Waterloo by J.T. Welsch / Like This Press / Saddle-Stitch, 36 pages
The twenty-four numbered but untitled poems, and almost as many monochrome images, of J.T. Welsch’s Waterloo begin with a wake. The first poem quickly makes clear that though a death may have served as the impetus for this series, the poems will not really be about grief: “Between the storm and jetlag, the wake was spent / trying not to laugh.” “Waterloo,” as a map and various newspaper clippings the later poems prove, is not a last stand or a tragedy but a place in Illinois.
These same clippings, together with historical images, and collages made of vital records, contribute to the impression of a scrapbook, as if, following the grandmother’s funeral, her surviving family members pasted together memories, not only of her life, but of the history (personal and otherwise) that went on around her. When they appear, small and in low resolution, on the same pages as the poems, this impression is strengthened.
As a scrapbook, Waterloo tells the story of an extended family. The parliament of owls, mentioned in the final line of poem one does not consist of “the more valuable porcelain owls” the women in the family divide up but in the poems themselves as they ask, Who? Who was Grandma? Who were the people around her? Who are the people who remain?
Though the speaker of this series clearly lives at some distance from the extended family—hence the jetlag—he does not seem to hold himself above his relatives. The five couplets that make up each poem, with lines that at their longest barely exceed ten syllables, leave little space for anything beyond plain statements of what happens, even if enjambment, prominent throughout, allows for more complicated sentence structures than the sparse appearance of these poems would suggest.
Take the third poem of the series, for instance.

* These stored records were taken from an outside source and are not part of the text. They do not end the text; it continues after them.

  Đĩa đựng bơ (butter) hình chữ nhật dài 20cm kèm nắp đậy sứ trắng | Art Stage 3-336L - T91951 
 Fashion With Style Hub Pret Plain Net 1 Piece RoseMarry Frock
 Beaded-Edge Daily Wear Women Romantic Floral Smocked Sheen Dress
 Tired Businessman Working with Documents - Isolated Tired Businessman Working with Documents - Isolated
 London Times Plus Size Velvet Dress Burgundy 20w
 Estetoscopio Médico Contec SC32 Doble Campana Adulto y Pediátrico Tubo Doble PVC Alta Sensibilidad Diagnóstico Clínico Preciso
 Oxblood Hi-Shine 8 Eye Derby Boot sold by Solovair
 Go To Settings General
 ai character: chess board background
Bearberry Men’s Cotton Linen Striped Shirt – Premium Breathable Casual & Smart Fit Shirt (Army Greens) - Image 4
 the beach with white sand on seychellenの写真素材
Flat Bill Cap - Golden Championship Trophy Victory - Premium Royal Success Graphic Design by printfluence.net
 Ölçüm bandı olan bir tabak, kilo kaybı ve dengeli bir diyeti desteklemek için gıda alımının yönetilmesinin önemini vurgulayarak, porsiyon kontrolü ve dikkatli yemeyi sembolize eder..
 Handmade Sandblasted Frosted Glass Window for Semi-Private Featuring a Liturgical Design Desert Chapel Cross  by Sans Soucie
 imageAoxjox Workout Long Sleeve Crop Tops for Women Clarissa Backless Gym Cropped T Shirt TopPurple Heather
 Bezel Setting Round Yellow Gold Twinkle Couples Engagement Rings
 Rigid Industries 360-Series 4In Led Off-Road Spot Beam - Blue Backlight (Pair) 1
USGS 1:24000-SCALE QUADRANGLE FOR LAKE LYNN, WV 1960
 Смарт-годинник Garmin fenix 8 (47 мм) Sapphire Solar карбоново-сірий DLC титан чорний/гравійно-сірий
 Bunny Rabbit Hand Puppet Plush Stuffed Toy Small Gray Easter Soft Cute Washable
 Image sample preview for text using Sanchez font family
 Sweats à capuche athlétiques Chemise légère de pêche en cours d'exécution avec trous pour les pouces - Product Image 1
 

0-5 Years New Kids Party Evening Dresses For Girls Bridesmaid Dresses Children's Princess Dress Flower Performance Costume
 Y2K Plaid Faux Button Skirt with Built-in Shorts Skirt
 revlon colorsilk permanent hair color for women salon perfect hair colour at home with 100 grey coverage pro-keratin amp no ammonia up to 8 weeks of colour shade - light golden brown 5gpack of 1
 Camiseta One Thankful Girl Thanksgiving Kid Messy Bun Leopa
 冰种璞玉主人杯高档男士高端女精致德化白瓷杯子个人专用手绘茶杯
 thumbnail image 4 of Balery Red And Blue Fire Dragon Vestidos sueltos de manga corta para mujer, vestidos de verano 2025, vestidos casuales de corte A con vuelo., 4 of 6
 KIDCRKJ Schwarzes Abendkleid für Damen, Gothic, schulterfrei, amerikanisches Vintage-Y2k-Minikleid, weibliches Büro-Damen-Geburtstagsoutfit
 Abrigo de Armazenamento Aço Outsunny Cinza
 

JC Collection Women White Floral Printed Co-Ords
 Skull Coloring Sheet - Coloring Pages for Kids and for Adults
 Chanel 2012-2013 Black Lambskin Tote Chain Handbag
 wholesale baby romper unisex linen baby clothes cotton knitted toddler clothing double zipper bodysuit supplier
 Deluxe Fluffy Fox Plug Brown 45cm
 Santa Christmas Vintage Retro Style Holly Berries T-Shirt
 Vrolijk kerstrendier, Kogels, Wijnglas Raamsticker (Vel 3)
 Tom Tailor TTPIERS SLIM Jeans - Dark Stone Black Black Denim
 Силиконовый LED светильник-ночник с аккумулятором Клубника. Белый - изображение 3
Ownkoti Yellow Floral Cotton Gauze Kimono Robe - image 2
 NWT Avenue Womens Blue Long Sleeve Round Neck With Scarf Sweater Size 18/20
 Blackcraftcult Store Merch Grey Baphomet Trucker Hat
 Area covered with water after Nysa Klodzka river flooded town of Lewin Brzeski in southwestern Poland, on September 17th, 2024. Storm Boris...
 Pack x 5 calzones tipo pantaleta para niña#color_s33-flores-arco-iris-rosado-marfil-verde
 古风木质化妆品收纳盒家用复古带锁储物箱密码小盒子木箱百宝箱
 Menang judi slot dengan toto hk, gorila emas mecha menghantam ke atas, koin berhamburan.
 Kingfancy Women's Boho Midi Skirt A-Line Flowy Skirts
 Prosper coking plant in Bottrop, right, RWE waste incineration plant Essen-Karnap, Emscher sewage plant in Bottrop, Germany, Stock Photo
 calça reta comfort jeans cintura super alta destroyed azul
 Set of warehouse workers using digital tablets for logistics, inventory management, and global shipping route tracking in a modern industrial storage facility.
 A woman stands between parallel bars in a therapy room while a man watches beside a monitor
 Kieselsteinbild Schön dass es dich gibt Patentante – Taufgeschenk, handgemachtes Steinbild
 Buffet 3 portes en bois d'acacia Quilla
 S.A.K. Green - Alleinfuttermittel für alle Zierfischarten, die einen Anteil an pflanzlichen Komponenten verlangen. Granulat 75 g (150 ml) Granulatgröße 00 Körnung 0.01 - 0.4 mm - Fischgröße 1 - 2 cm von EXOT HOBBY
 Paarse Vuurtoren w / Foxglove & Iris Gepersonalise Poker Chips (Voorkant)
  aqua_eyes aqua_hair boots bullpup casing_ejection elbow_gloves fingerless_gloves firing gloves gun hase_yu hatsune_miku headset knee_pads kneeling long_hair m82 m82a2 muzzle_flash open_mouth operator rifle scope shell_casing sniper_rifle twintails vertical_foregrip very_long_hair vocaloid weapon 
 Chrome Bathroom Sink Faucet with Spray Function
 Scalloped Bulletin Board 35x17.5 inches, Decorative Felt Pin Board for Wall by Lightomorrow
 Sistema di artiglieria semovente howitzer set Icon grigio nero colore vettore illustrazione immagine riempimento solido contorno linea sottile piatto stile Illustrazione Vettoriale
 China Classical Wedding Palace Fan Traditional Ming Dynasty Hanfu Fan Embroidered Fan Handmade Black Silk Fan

After introducing Billy, Kayla’s boyfriend who thinks nothing of pulling “a huge knife out of his boot” when Christmas presents prove difficult to open, the final three stanzas skip ahead several years:
Now, every year is a chance to show all
the new impressions he’s taught their bright
orange-haired three-year-old. At the funeral,
when the power was out, I could hear her
doing the Bud Light frogs from where I stood
at the casket, holding up the flashlight.
The speaker does not judge the father for teaching the little girl to imitate the crass commercial figures used to advertise a corporate brewer’s product, nor does he judge the child for failing to respect the solemnity of the occasion. Indeed, there is just the hint of complicity in that failure, given that the speaker earlier mentioned that the very storm which, presumably, has knocked out lights made it difficult not to laugh at the wake. The meaning, and the good humor, carry over from one poem in the series to he next so that the relationship between the poems in the series is the macrocosm to the microcosm of the sentences that flow from line to line.
In a sense, the final poem summarizes what has been done in the writing of the rest with its first couplet “I’m not sure how far it was, but I walked / home today to think. Your mom helped pull.” The second ends in enjambment. The addressee’s mother does not help pull the speaker through these memories but, rather, assists in taking “cockaburrs off my fleece,” while the speakers describes what he saw on the way.
This family scrapbook ends with “a dark smoke trail in the distance” and a picture of a freeway sign marking the limits of Waterloo. There is a sense of an ending, or at least a departure, even if not an entirely conclusive one. Scrapbooks, after all, can only end for now since they are made by those who continue to make the story they tell. This sense of an onward journey completes the family album that J.T. Welsch has made so skillfully in Waterloo.